Nureses Legacy - Cathy Desanti, BSN, MSHS, Case Manager, Neuro Telemetry Unit, Citrus Memorial Hospital
After 41 years in a successful career, some people might think about retiring. Not Cathy Desanti. The Nurses Appreciation Legacy Award winner sometimes feels like she’s just getting started.
Case manager in the Neuro Telemetry Unit at Citrus Memorial Hospital (CMH) for the last 10 years, Desanti has worn many hats as a nurse. She’s been a floor nurse, supervisor and director at hospitals in New York and Massachusetts, a home health nurse, a hospitalist, and a medical investigator for an insurance company. And although nursing was a natural fit for her, she had to face a few obstacles to get there.
“Growing up in a large family, the second of seven children, I had more experience than most with the doctor’s office and hospitals,” she said. “My sister was born with a congenital disability, spina bifida, and my dad was a pharmacist, so the hospital and pharmacy were familiar settings. My grandmother called me ‘blood and guts,’ because I didn’t shy away from the many medical emergencies of our family—cuts, bruises, puncture wounds, measles, chicken pox. You name it, someone in the family had it!”

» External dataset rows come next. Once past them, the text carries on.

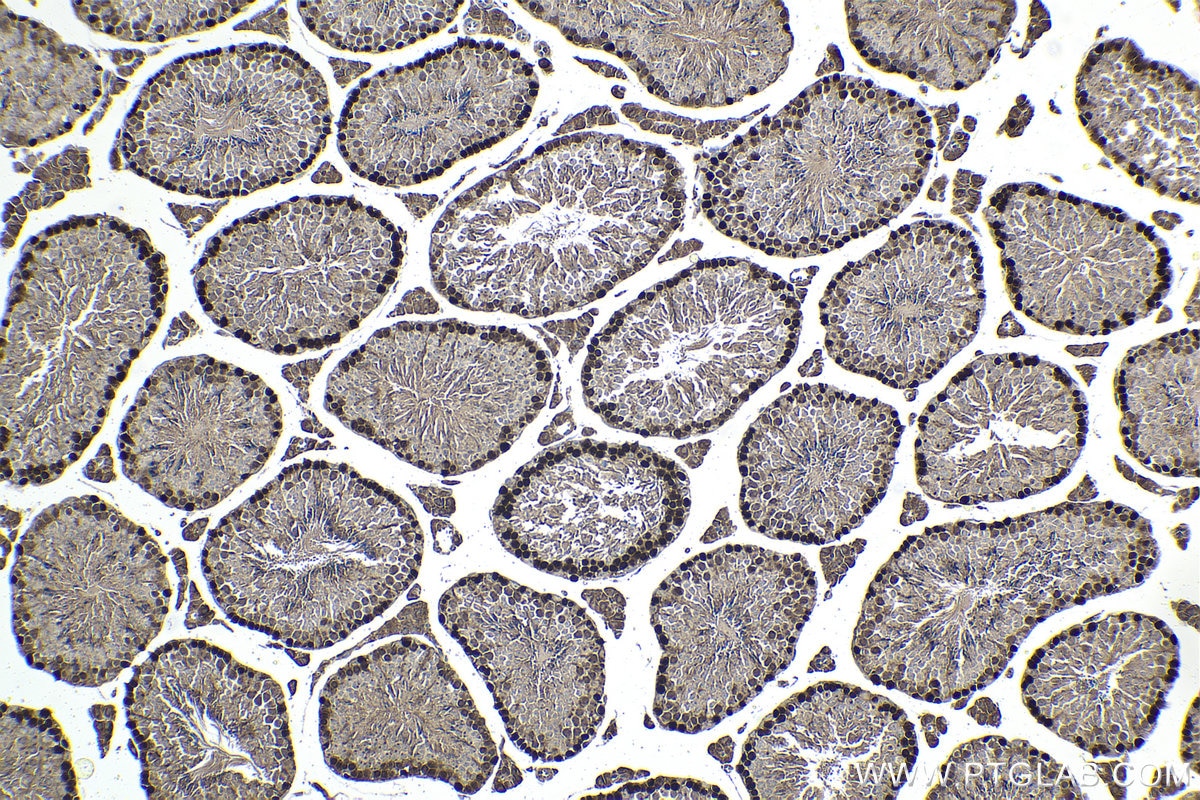 Immunohistochemistry (IHC) staining of mouse testis tissue using HELLS Polyclonal antibody (11955-1-AP)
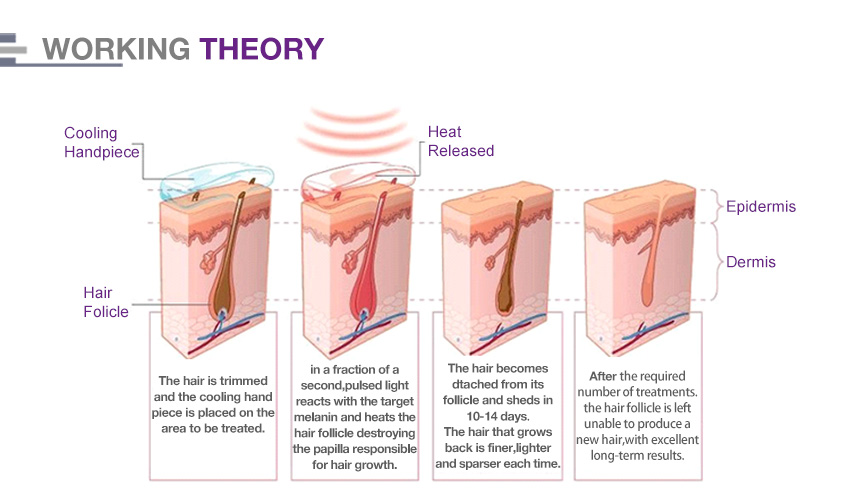 Best Professional Laser Hair Removal Machine 2018 For All Colors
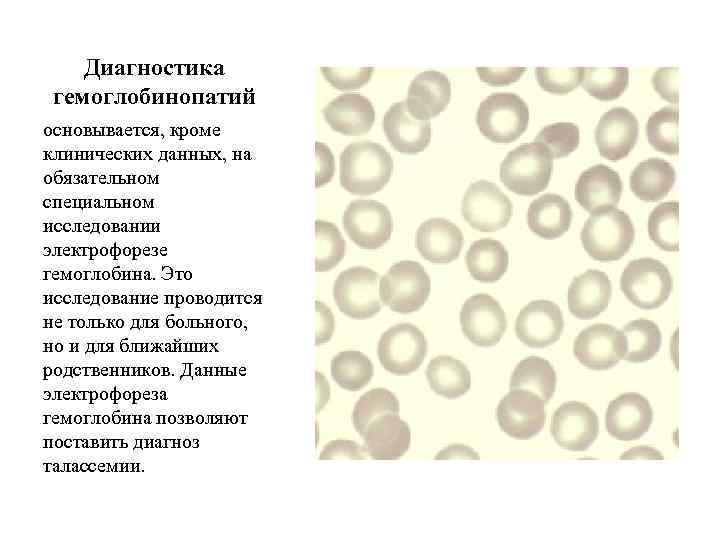 Диагностика гемоглобинопатий основывается, кроме клинических данных, на обязательном специальном исследовании электрофорезе гемоглобина. Это исследование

Along with her “blood and guts” experiences, it was “Cherry Ames” who got Desanti into nursing. The heroine of 27 novels, Cherry Ames held many different nursing jobs (student nurse, Army nurse, flight nurse, cruise nurse, dude ranch nurse, etc.) and solved mysteries and captured criminals, a la Nancy Drew. But one small detail threatened to derail her goal.
“My high school guidance counselor cautioned me against studying nursing since I received a C in high school chemistry,” she said.
Taking his advice, Desanti enrolled in a liberal arts college, but after two years of general studies, she knew she needed to follow her original plan. With the support of her parents and siblings, Desanti applied to nursing school. In 1978, she earned a bachelor’s degree in nursing from Syracuse University in New York, at a time when BSN degrees were rare.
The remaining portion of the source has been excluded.